According to psychologist Krista Aronson, community and dominant cultural norms are indeed stronger than family ones in influencing children's attitudes about race. But when these norms are not only not contradicted in the family but actually upheld through the absence of cross-racial relationships in our lives and our silence about race, children do learn from us.

Absence and silence are powerful teaching tools.

Monday, October 24, 2011

They Didn't Get That From Me!

 

In our joint school visits, as author Margy Burns Knight talks, I often sketch the face of an imagined child in each session, leaving the school with a group of portraits of diverse children. Several years ago, presenting our book Africa is Not a Country at a Maine school, I was sketching a series of children who could be from African countries. As the collection of portraits grew throughout the day, we asked students, "What do you notice about the pictures? What's the same about the children? What's different?" 

A second grade boy pointed to the image of a brown-skinned girl wearing a scarf around her head. "She's so poor," he remarked in a solemn tone. "And she's sad, so, so sad." 

In truth, the portrait was of a smiling girl, at least as happy-looking as any of the other drawings. (To add to the intrigue of the comment, the student making it was brown-skinned himself, an African-American child adopted by a white family.) A conversation ensued, in language appropriate to second graders, about "funny ideas" we sometimes have about Africa, and perhaps brown people - such as that everyone is poor and sad.

Has a child in your care ever burst out with a racial comment that puzzled, embarrassed, or distressed you? The more we explore race with children, the more it's likely to happen. One of the outcomes of getting children to share their observations is that if we're effective, we'll get to hear what children are actually thinking about race - and some of their ideas are not what we might wish. Our first response may be the horrified defense, "S/he couldn't have gotten it from me!" The good news is, you're probably right.

In our presentation, "Books As Bridges" (see previous post), Krista Aronson, psychologist and Bates college professor of psychology, shared research results that "children rely more on community norms than parental norms." As an example, she noted that parents new to a community may speak with an accent, but their children will soon sound like their classmates. 

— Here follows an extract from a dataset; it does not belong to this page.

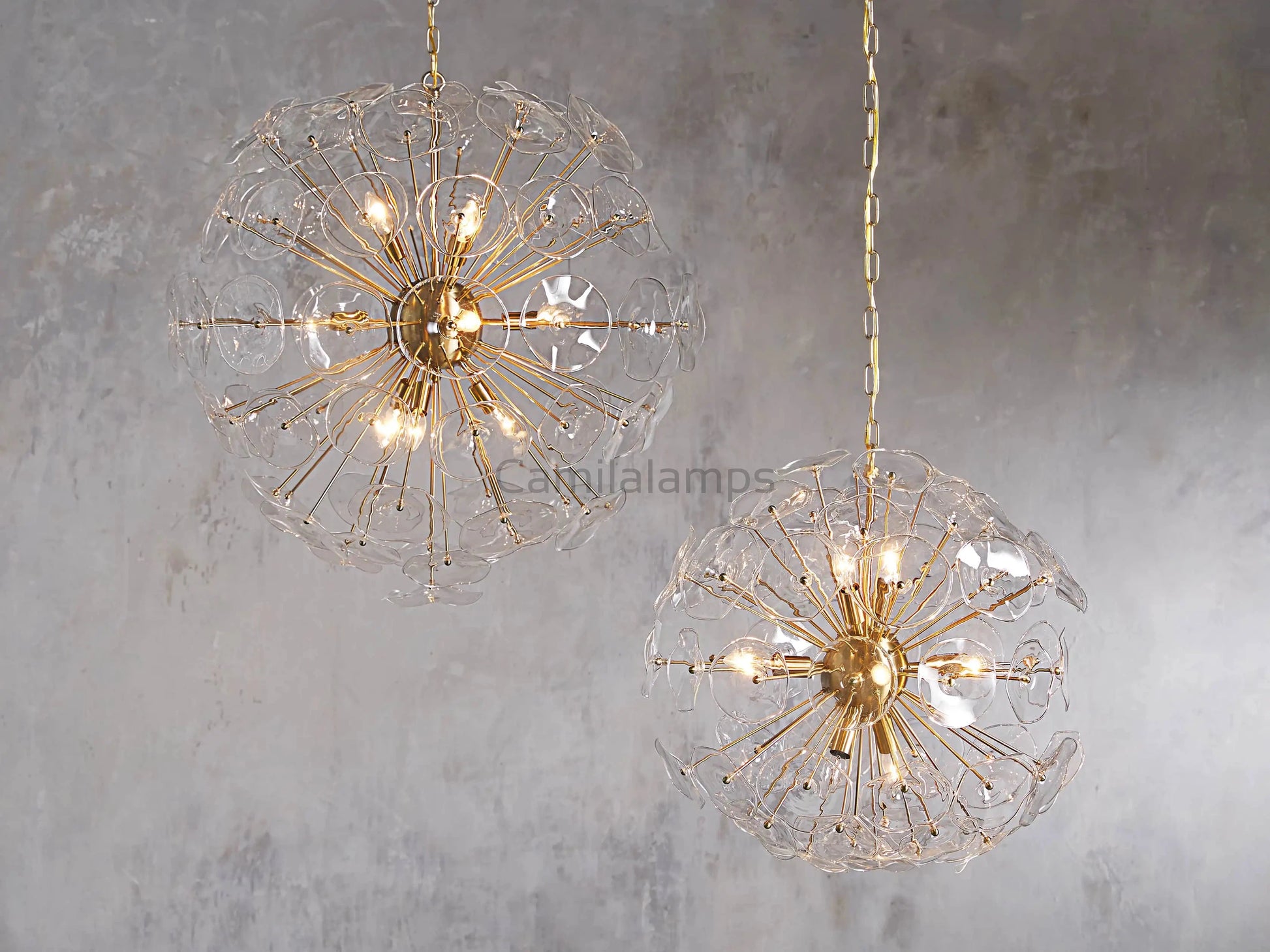Lily Round Chandelier 8/10/19 Light - Camilalamps - CA - 2036H108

So where do children's ideas about race come from?





1. Socialized Roles
Children are keen observers. If they see people segregated in distinctly different types of housing, jobs, classrooms, positions of authority, etc., they absorb this information.

2. The Soup
All day long, all of us, including children, are surrounded by and bombarded with images and information. Children notice, without the skills to deconstruct why, who's portrayed and how.

3. Silence
When adults respond to questions and comments about race with discomfort and shushing, or never raise the subject at all, children learn that race is something not to be discussed, like something bad or dangerous.

This is why talking about race is so crucial for children's development. If we don't engage kids in conversations that give them permission and language to say what's on their minds, to voice the associations they're making and the conclusions they're reaching, all of this conditioning goes unchallenged. When we provide a safe place for children to speak, we get the opportunity to engage with them and offer them the skills to break the silence, to interrogate the Soup, and to challenge socialized roles.

Friday, October 14, 2011

How to Talk About Race: A List of Books

Next week I'll be leading an educators workshop and co-leading a community event on talking about race with children. A book sale will accompany the presentations, with a small selection of children's books that are natural catalysts for starting a conversation on race. (Update: Here's a short TV interview about the programs.)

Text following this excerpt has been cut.